Software interlacing on the NES ?

Software interlacing on the NES ?
by on (#19147)
Is it possible to do software interlacing with the NES to increase its actual resolution from 256x240 to 256x480 ? I mean, since TVs exept the video signal to be interlaced at 30FPS NTSC (or 25FPS PAL) and that the NES does not interlacing and have lower resolution but higher framerate, is it possible to trick the TV to make it thing there is a interlaced signal, and typically rendering from one nametable the odd frames and the second nametable the even frame ? Is this making sense ?

by on (#19149)
The NES already tricks the TV into displaying a non-interlaced (progressive) image.
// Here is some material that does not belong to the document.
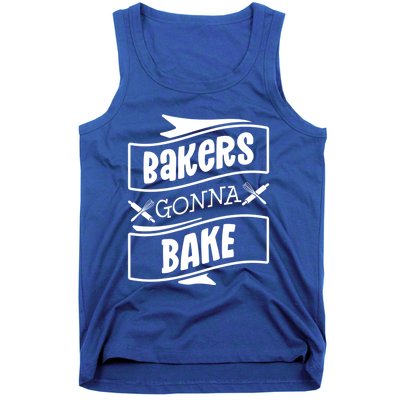 Bakers Gonna Bake Funny Baking Gift Simple Gift Tank Top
I think you'd have to trick the NES into generating 263 scanlines (NTSC) every other frame if you wanted to get an interlaced image. I don't think it's possible. Even when displaying the NES on a recent TV which can't be tricked and always uses interlace, you wouldn't know which fields were which.

by on (#19151)
Quote:
Even when displaying the NES on a recent TV which can't be tricked and always uses interlace, you wouldn't know which fields were which.

I was under the understanding that modern TVs (I mean digital TVs) doesn't interlace any longer, but display both frames at once to look better. Effectivly you wouldn't know wich field is wich, but you could display a test image on reset and having something displaying "If this image doesn't proprely show up, reset your console until it does then press start". That way, the user would in average have to reset one time because there is two field. And that would be a little price to pay to gain better graphics.
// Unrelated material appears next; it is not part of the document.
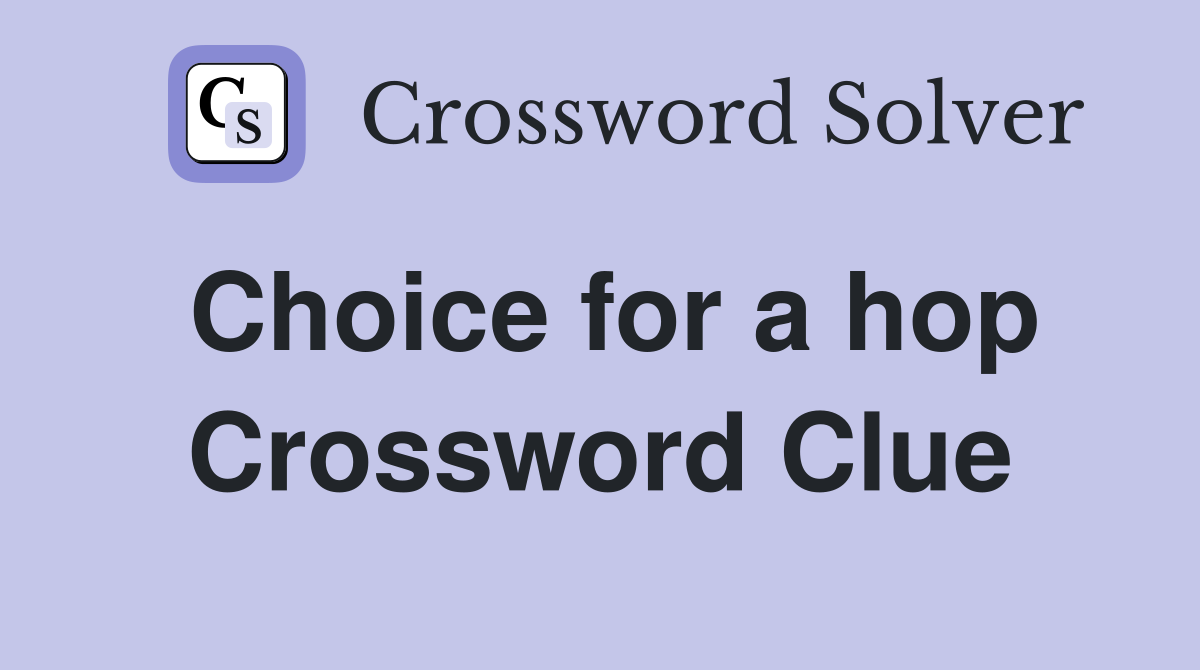 Choice for a hop Crossword Clue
However, since I don't have any modern TV and that the NES has been designed to run on old TVs and that emulators doesn't support interlace, I don't think it's possible.

by on (#19155)
I can assure you that newer TVs do interlace video when they are told to - in HDTV "1080i", the "i" stands for "interlaced". Also, I have personally connected my NES to an HDTV and was able to verify that it did not try to merge multiple frames together - when Mario got hit and shrunk, he flickered like he was supposed to.

The only sets that seem to have trouble are LCD and Plasma TVs - CRTs can interlace just fine.

by on (#19161)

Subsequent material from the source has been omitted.